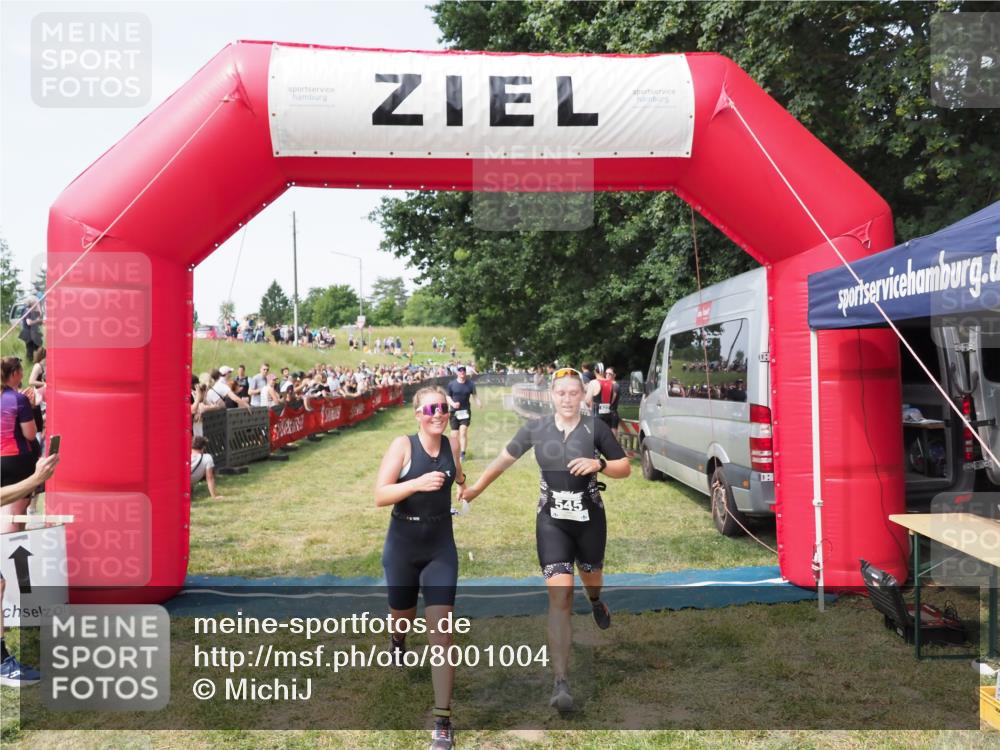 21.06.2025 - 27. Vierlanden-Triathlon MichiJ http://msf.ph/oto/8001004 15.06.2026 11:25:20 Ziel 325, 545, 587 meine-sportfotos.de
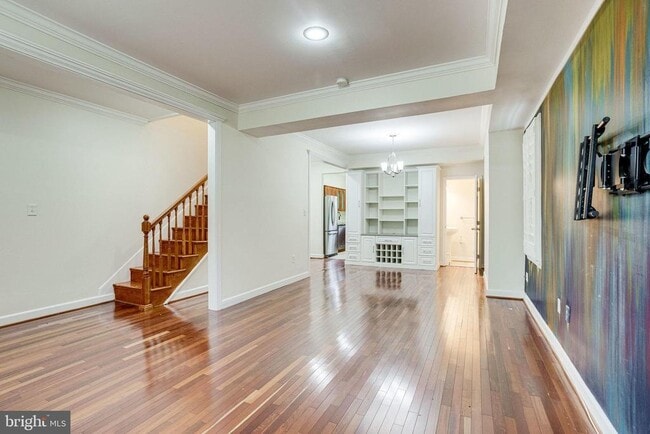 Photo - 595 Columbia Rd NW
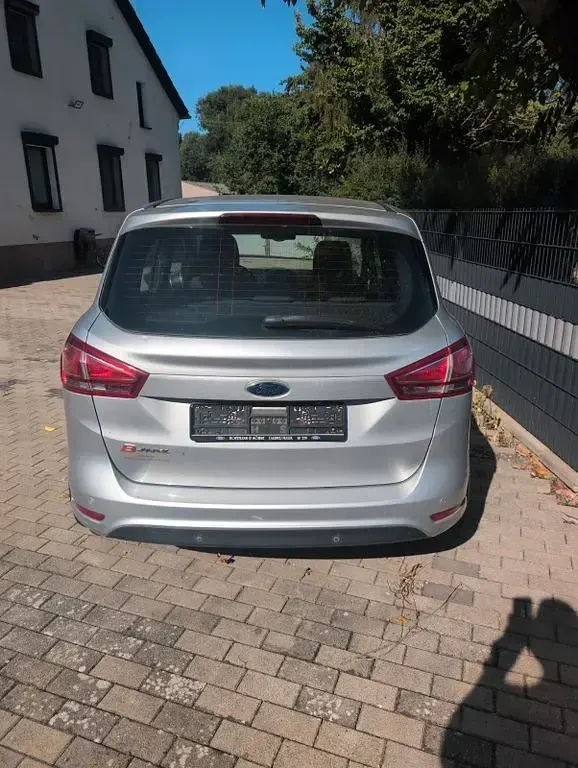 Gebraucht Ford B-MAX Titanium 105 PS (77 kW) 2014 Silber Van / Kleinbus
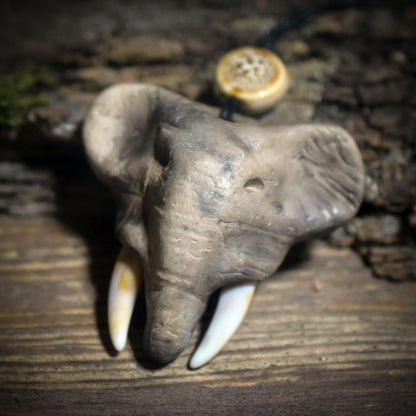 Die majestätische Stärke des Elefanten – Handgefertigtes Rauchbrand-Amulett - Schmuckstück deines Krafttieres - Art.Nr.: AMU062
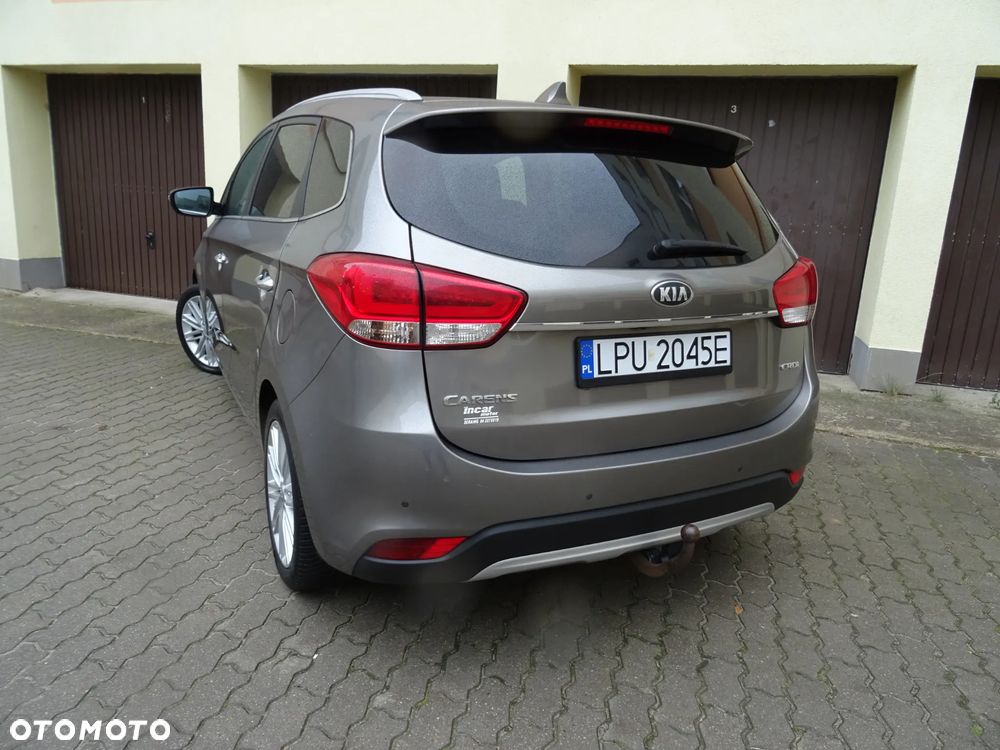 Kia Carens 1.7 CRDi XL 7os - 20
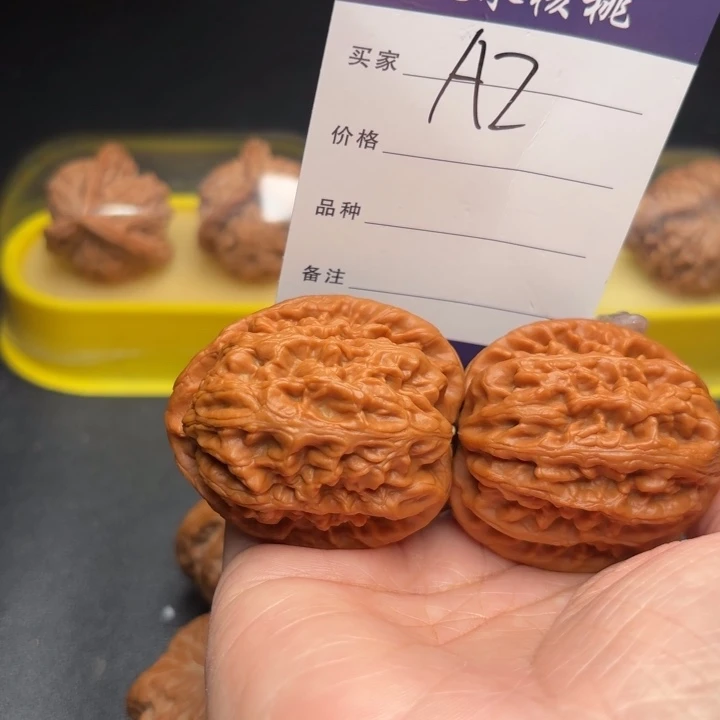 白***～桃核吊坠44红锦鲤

________

Exercise:
In the entries above, find the line containing "Photo - 595 Columbia Rd NW"; transcribe exactly that line and every line after it through the end, and only those, omitting pictures.

Result for this exercise:
 Photo - 595 Columbia Rd NW
 Gebraucht Ford B-MAX Titanium 105 PS (77 kW) 2014 Silber Van / Kleinbus
 Die majestätische Stärke des Elefanten – Handgefertigtes Rauchbrand-Amulett - Schmuckstück deines Krafttieres - Art.Nr.: AMU062
 Kia Carens 1.7 CRDi XL 7os - 20
 白***～桃核吊坠44红锦鲤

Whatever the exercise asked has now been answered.